Do you remember the people you were involved with? Do you remember that Tinder dude you hooked up with a year ago? That summer fling you never seemed to get over? The almost boyfriend that you never officially broke up with? And all the non-relationships that could be resumed with just a text message like nothing has changed? I bet you do. In fact, it’s incredibly hard to not remember in this digital age when you’re only one click away from their existence.
One click and you’ll know everything you need to know. You’ll be reminded of what they look like. You’ll learn that they’ve changed jobs, got a new girlfriend, tried a new diet. You might even find a piece of you somewhere if you scroll down far enough. You’ll be brought back to the last time you saw them, the last time you were in their bed. Old feelings will creep back into your heart, taking over your body even just for a brief second. You’ll feel weird because they’re right here yet they’re not here at all.
It’s 11 pm on a Friday night and you’re feeling lonely. You find yourself on the Instagram feed of a boy you dated casually last summer. You remember liking him and wanting to move the relationship forward but he was reluctant. You remember it eventually fizzled out. You remember deleting his phone number and having a hard time receiving his periodic “Hey you” text messages. You remember crying, trying to move on privately. You remember not knowing what to do with the overwhelming feelings you had for him but learning that over time they calmed themselves down as you distanced yourself from him.
You believe you feel fine now. It’s been a few months. It should be okay. Plus you’ve shown him you’re cool. He knows nothing about your real feelings. You’re on good terms with each other. You’re sure he would think nothing of your presence on his Instagram account. You’re safe. You double tap one photo, then two. You drop a friendly comment. A few minutes later, your phone screen lights up with a text message from him — Hey you! — as though you’re two good friends just catching up, no big deal.
Accepting that he doesn’t want anything serious with you, his reciprocation nevertheless gives you a good does of validation and you allow yourself that much. You both take turn to do the social dance of “How are you doing?”, “What have you been up to?” and eventually “We should hang out soon.” You tell yourself to be chill and think nothing more of this as he maintains a casual attitude towards you but you know… deep inside, whenever you two reconnect, you start having expectations.
You can’t lie to yourself that you haven’t already fantasised one meet-up would turn into two and two would turn into a real deal down the line. You can’t lie to yourself that you’re not looking for something solid with him. You know you are. Come on, be real to yourself. You know these banters, if they don’t die out, would lead to nowhere but another casual hook-up. You know if you go with it, it will be steady until it reaches a point again where you want more and he doesn’t. It will end without a goodbye and he will stay so frustratingly cool while you couldn’t even breathe properly interacting with him. You will find yourself on his Instagram, waiting for a reaction, another text message, another beginning, deluding yourself that this time it will be different.
It never will.
This is the reality of non-relationships.
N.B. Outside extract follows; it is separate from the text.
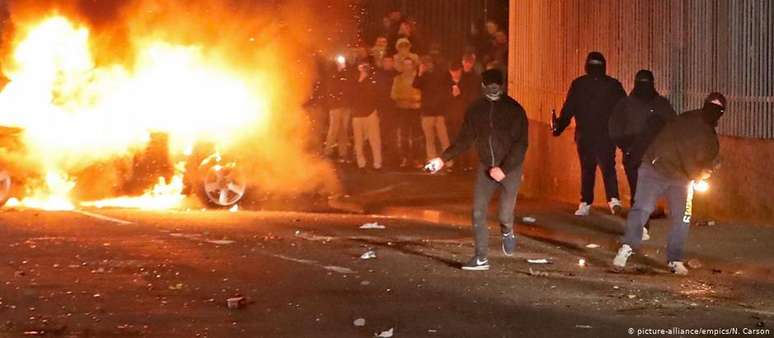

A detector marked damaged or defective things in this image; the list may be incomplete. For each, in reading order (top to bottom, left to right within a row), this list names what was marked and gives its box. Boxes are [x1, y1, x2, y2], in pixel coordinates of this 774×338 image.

They never progress. They start in a grey zone and stay in a grey zone forever. They have been decided from the very beginning to be the way they are. You can keep stalking. You can keep the banters, keep answering to 11 pm texts, keep coming over to his flat, keep getting high on validation from his replies and invites. No one will tell you when to stop because really, there is no stop. He will still be there — all chilled out and unfazed. His social media accounts will still stay open to your visits. You can drop him a text message and he will keep replying to you. No one will scream to your face that this will never get you what you want until you get disappointed again and realise it the hard way yourself.
So feel free to trace your past on social media. Consume yourself with the people you used to be with who refused to be in your future. Save all the numbers you once said goodbye to just in case you’ll need them again on some lonely Friday night. The banters will keep on going. The high will last until the sun comes up and you can repeat the cycle how many times you want. It’s all up to you. But one day — hopefully one day soon — you will grow weary and you will ask yourself “What’s the point?” as you see no point. You will stare blankly at a “Hey you” text and suddenly question “What do I do with this?” and you will love yourself enough to stop. You will spend your time and energy better elsewhere.
Do yourself a favour and get rid of the stalking habit. Do yourself a favour and delete those phone numbers. Do yourself a favour and move on for good. You don’t need the ghosts of those people in your life no matter how desirable you perceive them to be — it’s no good as they didn’t choose you and would only cast shadow over your happiness. You don’t need to know what they’re up to. You don’t have to care anymore. They’re irrelevant now.
It’s okay to reconnect with people from the past but only invest in them if they demonstrate that they genuinely want to be part of your present. Take your time to filter people out and show them how to treat you. Don’t let them think they can walk in and out of your life as they please.